The Science and Technology (S&T) Directorate of the US Department of Homeland Security is supporting four small firms with funds to use Blockchain technology to support identity management.

What are those Blockchain firms?

Digital Bazaar, Respect Network, Narf Industries and Celerity Government Solutions will all get $100,000 each. They fall under the Applicability of Blockchain Technology to Identity Management and Privacy Protection research topic.

The topic is to use Blockchain technology, which centralizes and validates new entries added into an existing data field to support identity verification.

Digital Bazaar, Inc. is developing a Linked Data ledger format and architecture to demonstrate how to publish identity credentials, while Respect Network Corporation in Washington is developing a decentralized registry and discovery service to integrate with the public Blockchain.

For Narf Industries LLC in Washington D.C., it is working to achieve an identity management solution built on a permission-less Blockchain: confidentiality (with selective information disclosure), integrity, availability, non-DHS repudiation, provenance and pseudo-anonymity.

Celerity Government Solutions, LLC, Virginia, is researching Blockchain solutions to enable users to establish and maintain trusted identity transactions with public and private organizations.

Beyond the initial $100,000 per-company SBIR award, each of these firms could get further funding based on initial project results and the projects’ scientific and commercialization potential.

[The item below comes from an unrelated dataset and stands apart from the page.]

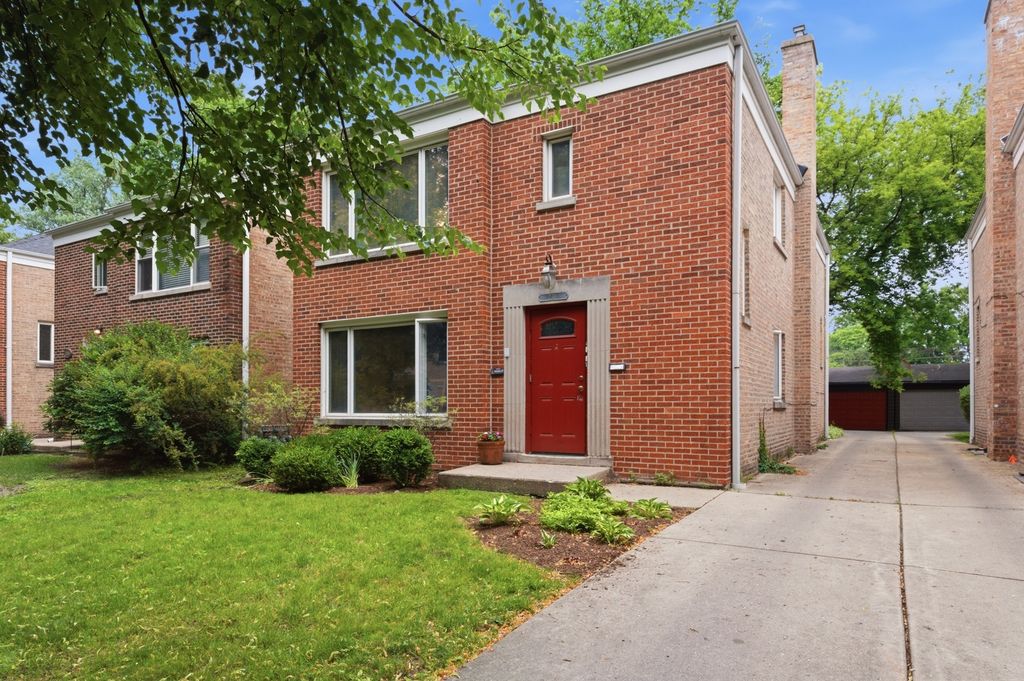 2311 Brown Avenue, Evanston, IL 60201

What will DHS use the system for?

The SBIR proposal solicitation was released in December 2015. It included four topics developed by Cyber Security Division program managers to address the research and development needs of DHS components and the homeland security enterprise.

The DHS works with more than 240,000 employees in areas that range from aviation and border security to emergency response, from cybersecurity analysts to chemical facility inspectors.

Christopher Franko, Blockchain expert at Borderless Technology and President at Borderless Charity, says:

“It is really interesting to see the DHS fund any sort of Blockchain technology. It makes sense they would be starting with identity management first. It’s also slightly ominous but I'm incredibly intrigued to know what they intend to use the system for. I've never heard of the companies they have decided to fund.”

He added that it would be good to know the criteria DHS used to choose these companies since there are other solutions being worked on now that are much further along such as his Borderless.tech identity system.

“Either way,” he says, “moves like this mean blockchain technology is here to stay.”